The user is returning it under the terms of the 14-day trial offer.
Why? Well, the requirement was for a small computer that would be connected to the Internet everywhere, within reason. The user also purchased Microsoft Office along with (for some reason I could not discern) Norton Internet Security.
The good news: the internet connection was fine when connected, something like 2.5Mb download speed on a brief test.
The bad news:
1. The little netbook was badly infested with trialware. Browsing the web was difficult because the already-small screen area was further filled by two additional toolbars, one from Google and the other from MacAfee, leaving barely half the screen for actual web pages. Google kept on prompting for permission to grab user data about location and who knows what else.
2. MacAfee was pre-installed and the task of removing it and replacing it with Norton was tricky, bearing in mind that Norton was delivered on a CD and there was no CD drive. MacAfee was constantly warning that the user was at risk.
3. Two Samsung dialogs popped up on each boot asking the user to do a backup to external storage.
4. The Vodafone connect software was bewildering. In part this was thanks to a complex UI. There also seemed to be bugs. The “usage limit” was preset at 50MB separately for 3G and GPRS; the deal allowed 3GB overall. Changing the usage limit seemed to work, but it reverted at next boot. Then it showed usage limit warnings, as 50MB had already been transferred. Once while I was there the Vodafone utility crashed completely.
5. The Vodafone dongle wobbled in the USB slot. Whenever it was attached it would come up with a dialog asking to run setup, because it included a storage area containing the utility software, even though the utility was already installed.
6. The Vodafone connection is managed through an icon in the notification area that you right-click to connect or disconnect. Windows 7 had hidden this thanks to the new default behaviour of the notification area, which is a usability disaster.
7. The Vodafone connection was set to prompt for a connection. It did sometimes display a prompt, but apparently on some kind of timeout, since it quickly closed without actually connecting. The prompt then did not reappear during that session.
The user concluded that it was too complicated to use, hence the return.
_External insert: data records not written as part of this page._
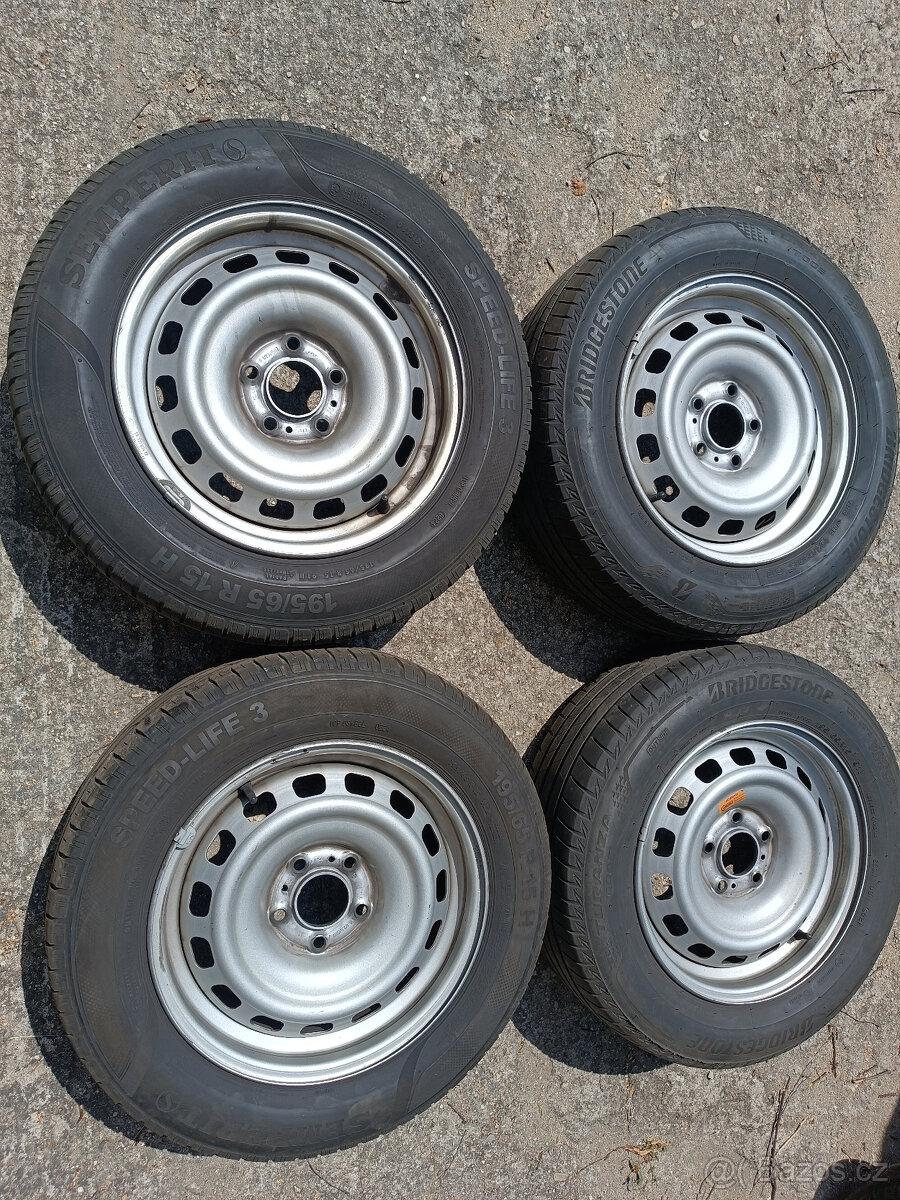 Berlingo / Proace City - disky 6,5x15 et42 + letní 195/65/15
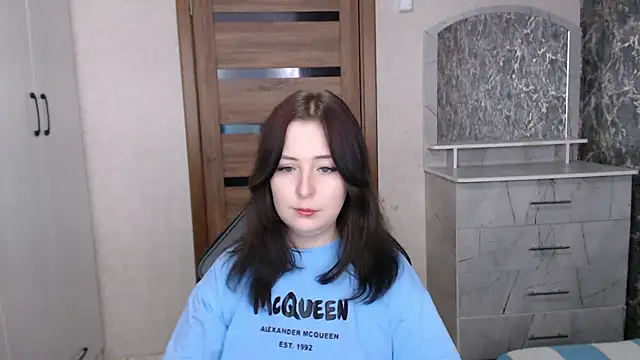 Snapshot of Kristy-Max chatting on December 14, 7:25 am Kristy-Max online show from December 14, 7:25 am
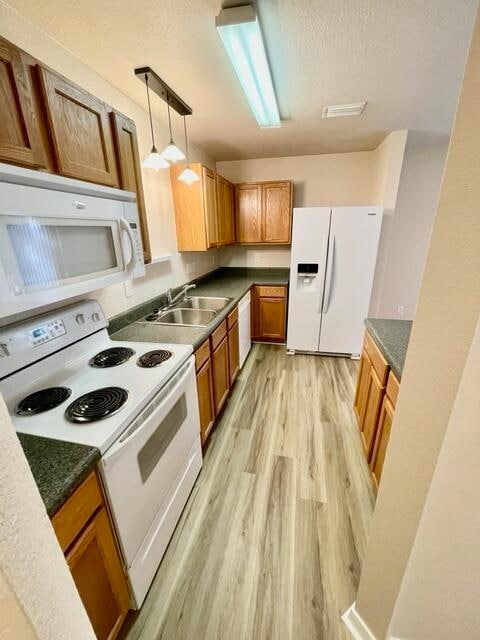 Building Photo - 1109 Tiki Too Ave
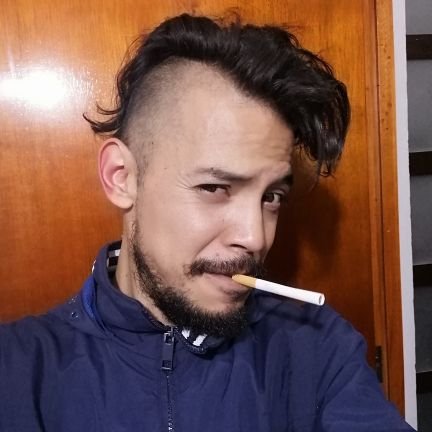 Soy anarquista, soy neonazista.
Soy un skinhead y también soy un barista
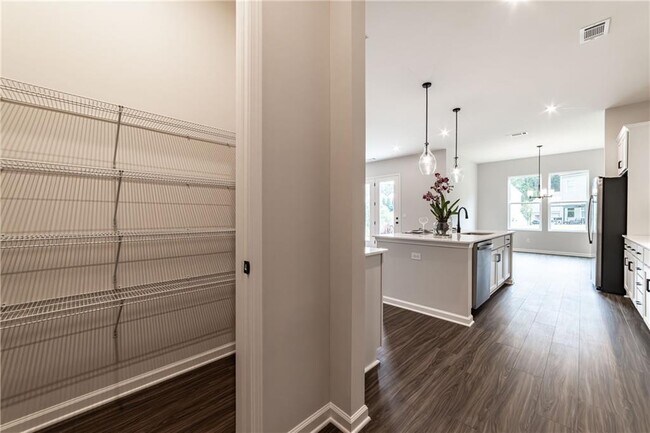 Building Photo - 107 Cedar Brk Dr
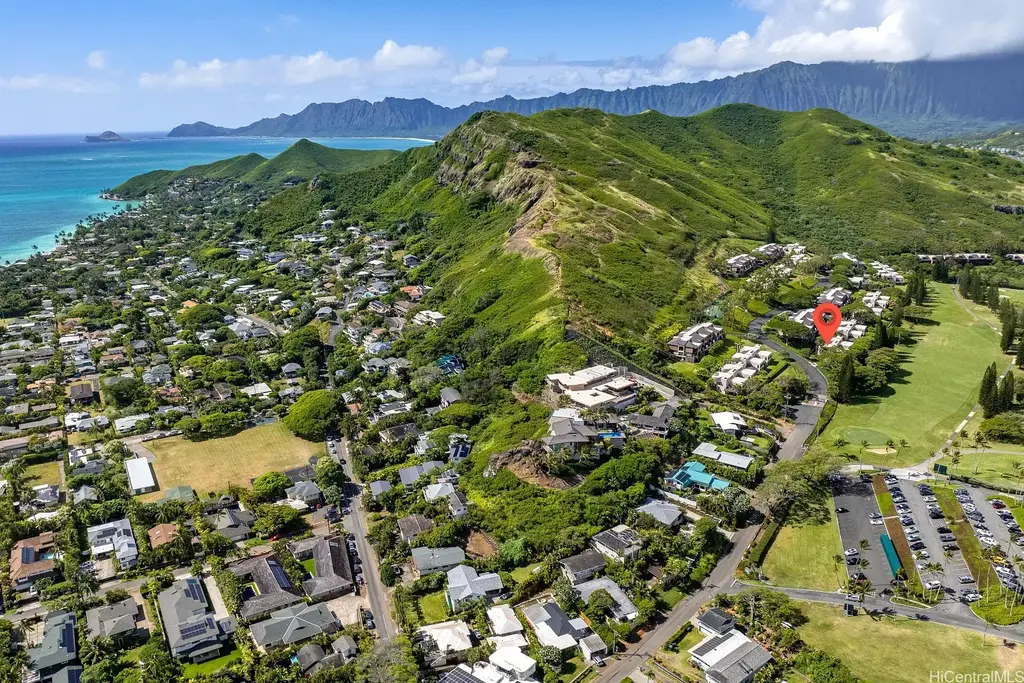 350 Kaelepulu Drive # 401, Kailua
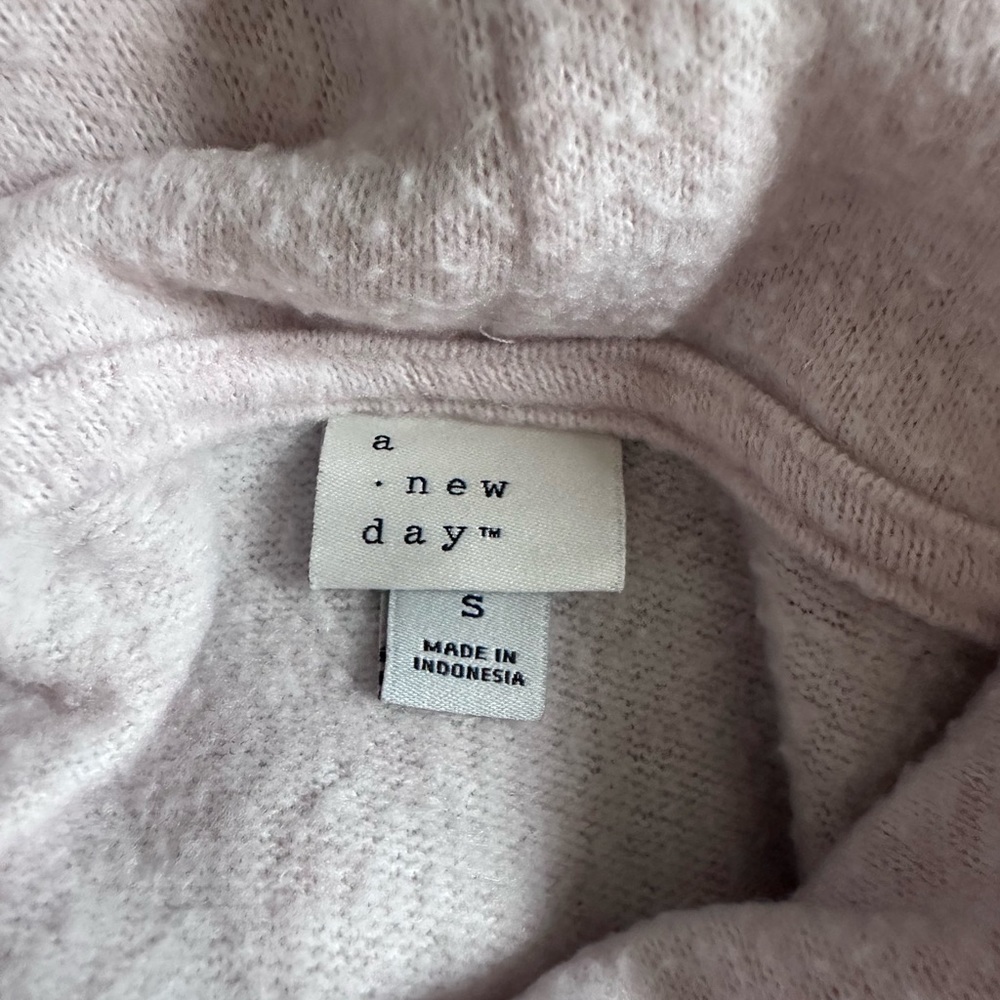 Sweater - Picture 2 of 2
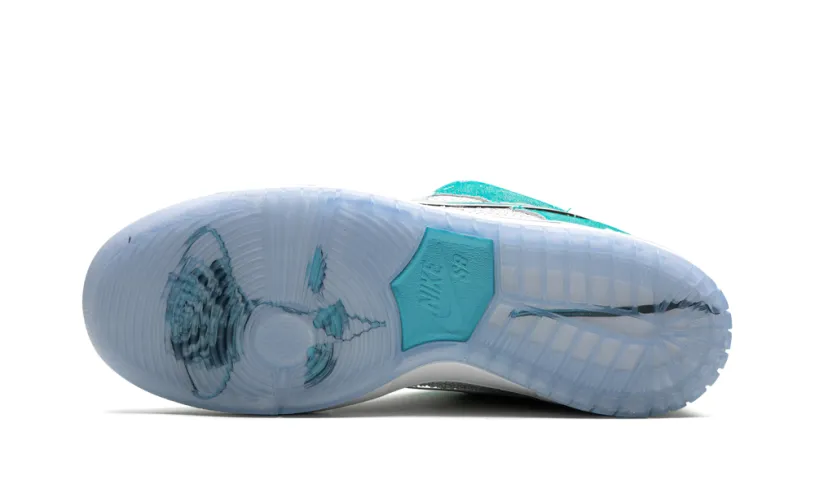 Nike SB SB Dunk Low Pro QS 'April Skateboards' 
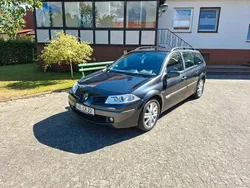 Grau Gebraucht 2007 Renault Mégane II Limousine | 3.500 € (Etwas zu teuer)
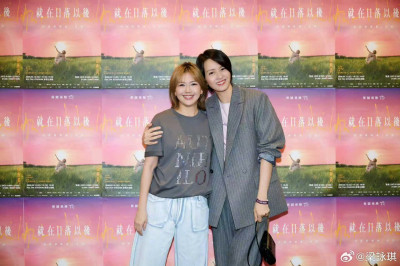 金城武《向左走向右走》女主角和主題曲原唱人相遇了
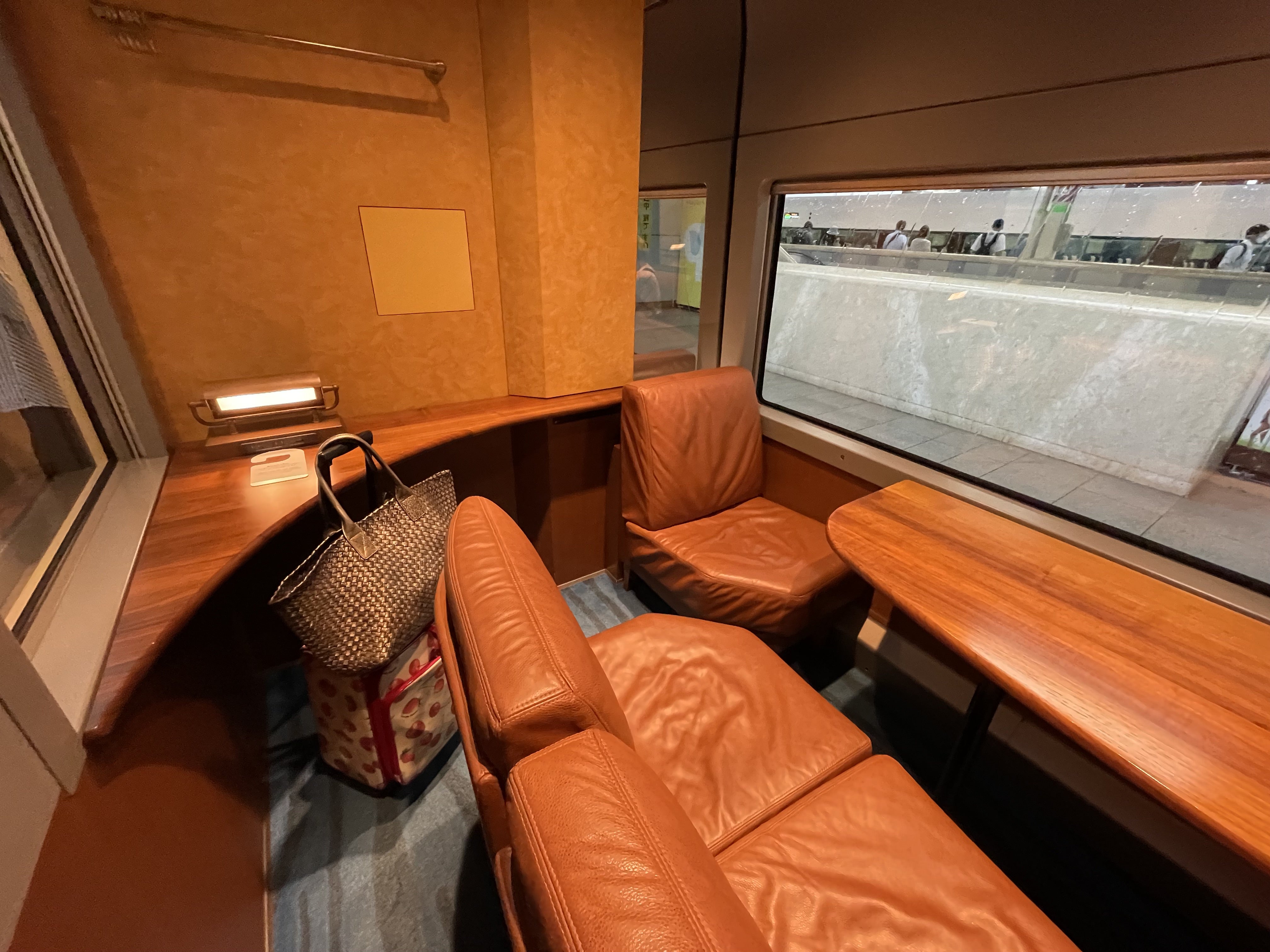 サフィール踊り子の個室の予約が取れた！ 伊豆家族旅♪ : ルソイの半バックパッカー旅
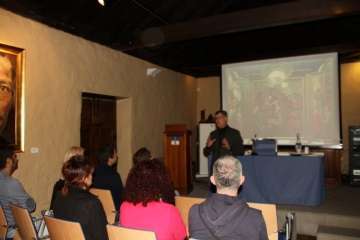 El cronista imparte su última conferencia como director del Museo de Telde (Foto Jesús Ruiz Mesa)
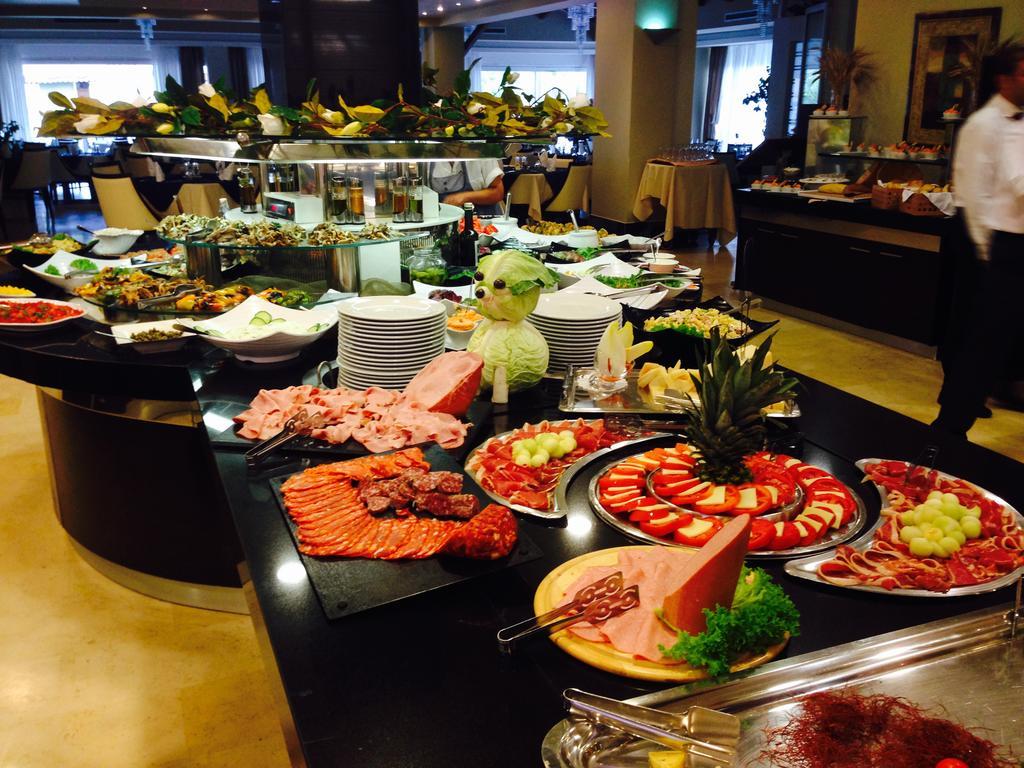 Olympia Golden Beach Resort & Spa Kastro-Kyllini 외부 사진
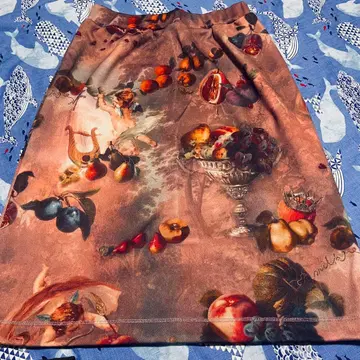 milk 신화의 과실 스커트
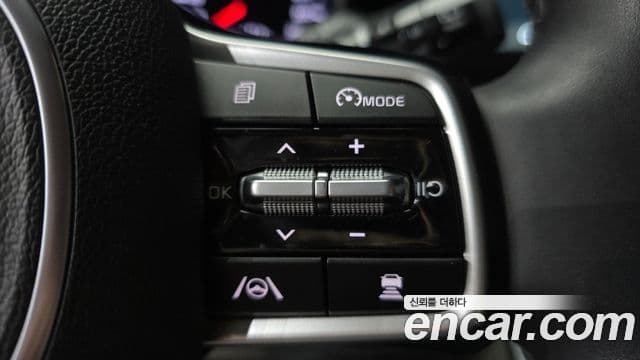 Kia Carnival 2022 — Şəkil 27/33
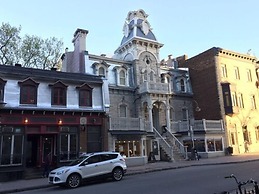 Le Château du Faubourg B&B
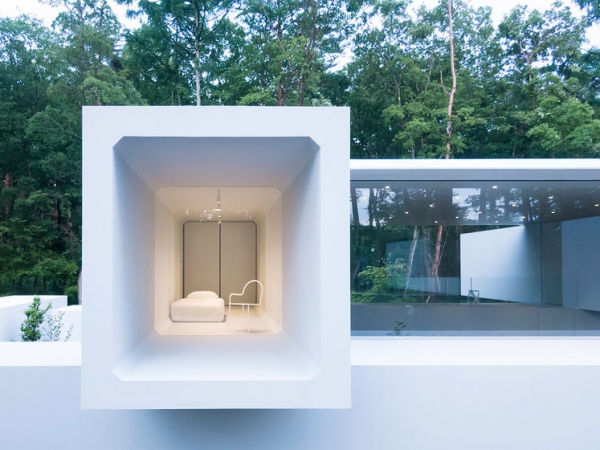 El almacén con casa de invitados más espectacular del mundo está en Japón y lo ha diseñado Nendo.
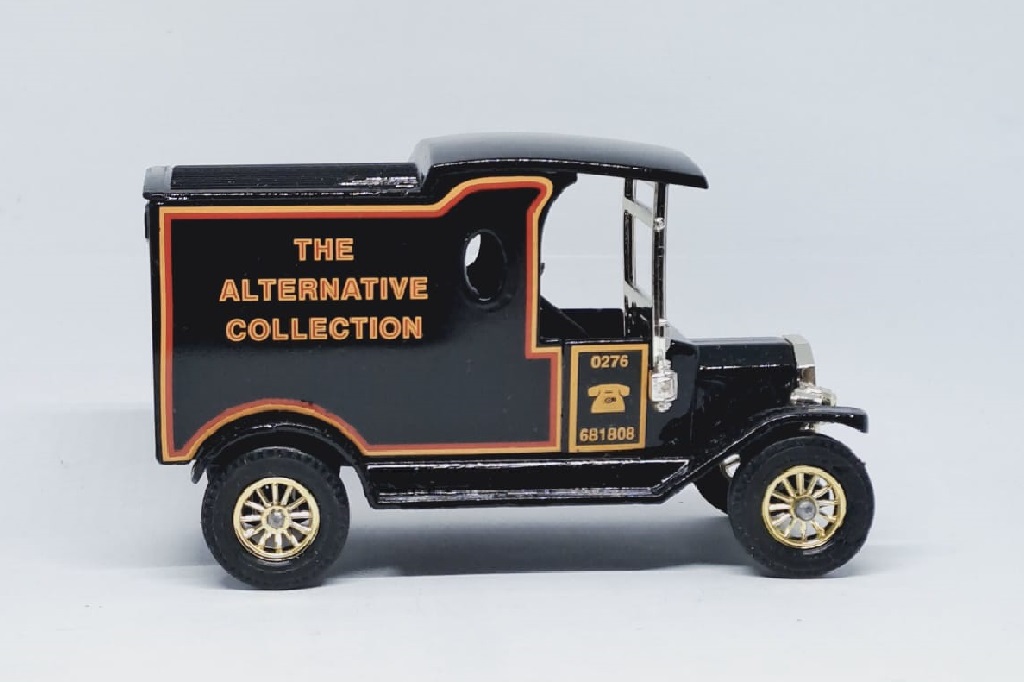 The Alternative Collection- Special AC Collectors Club Model (Creaks of Camberley)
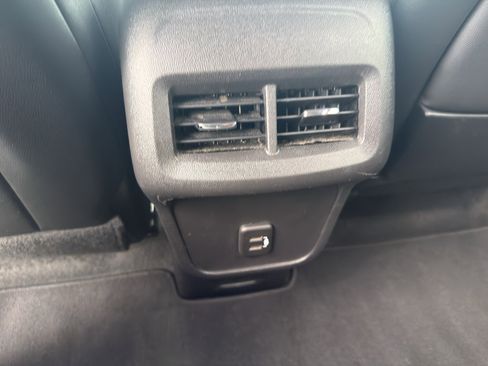 Used 2024 GMC Terrain SLT AWD/4WD image 10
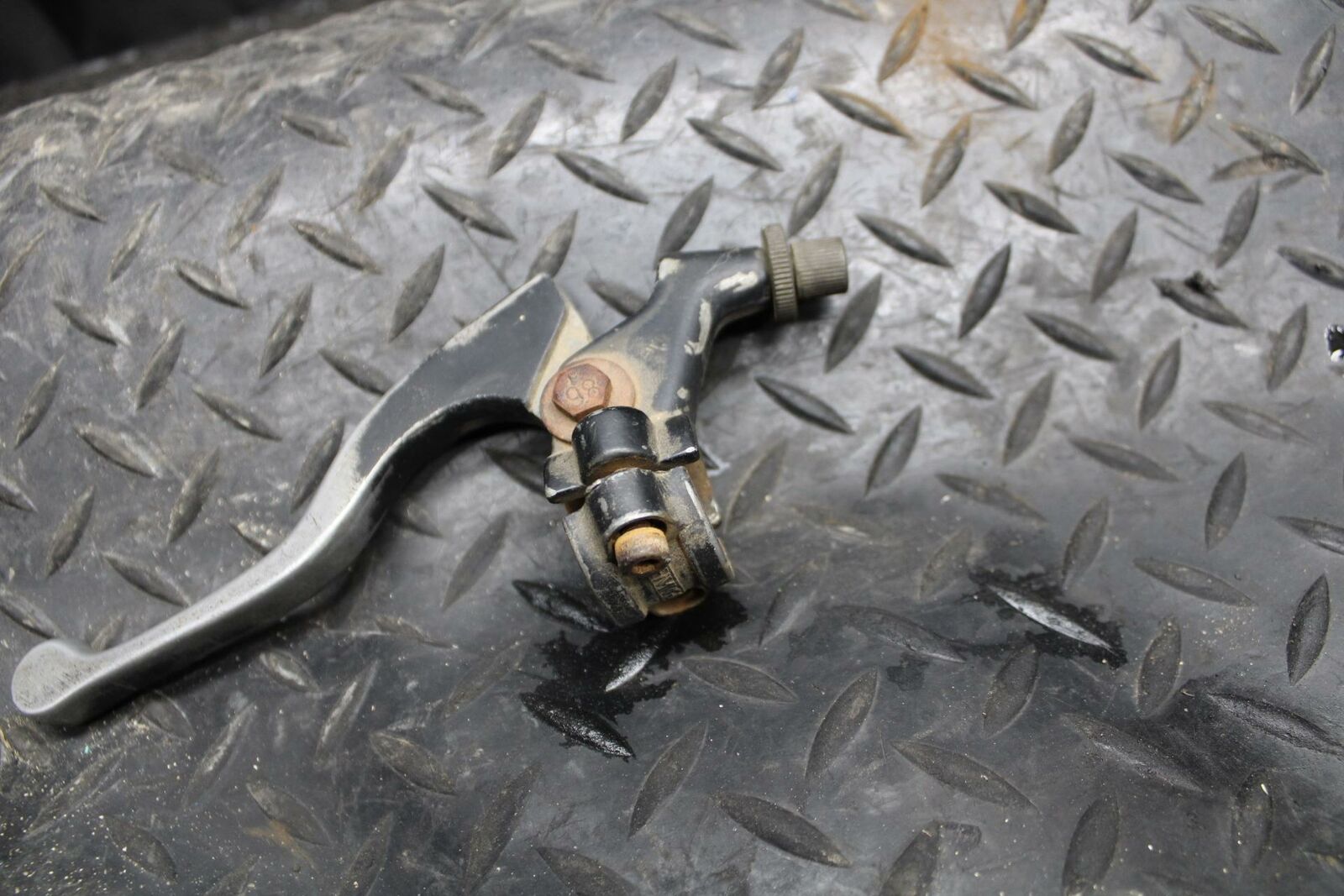 85-86 SUZUKI QUADRACER 250 CLUTCH LEVER PERCH MOUNT BRACKET BB210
Now, for most readers of this blog I am sure none of the above would matter. We would uninstall MacAfee and Google toolbar, not buy Norton but simply install Microsoft Security Essentials, maybe use Google Chrome for a leaner browsing experience, remove any other software that was not essential (and there was other trialware that I did not have time to investigate), unset the silly option to hide notification icons, find a way of taming or replacing Vodafone’s connection utility, and all would be fine.
I am not sure of the value of the Vodafone contract; the deal is not too bad if you need to connect while out and about, though there is a heavy penalty charge of £15.00 per GB if you exceed 3GB in a month, and it is quite unsuitable if, as in this case, it is your only Internet connection and you plan to use it for things like BBC iPlayer.
That’s an aside. What I find depressing is that despite Microsoft’s efforts to improve Windows usability in 7, the real-world result can still be so poor.
In this case, most of the blame is with Vodafone for poor software, and Samsung for taking all those trialware fees. I guess it is not that bad a deal, since there is almost always someone around who is willing or enjoys solving these puzzles and getting everything working.
Still, here is a customer who wanted and was willing to pay for a no-frills, always-connected internet device, and was let down.
Here also is the market that Apple aims to satisfy with iPad, and Google with devices running Chrome OS.
I wish them every success, since it seems that the Microsoft + OEM Windows culture cannot easily meet this need.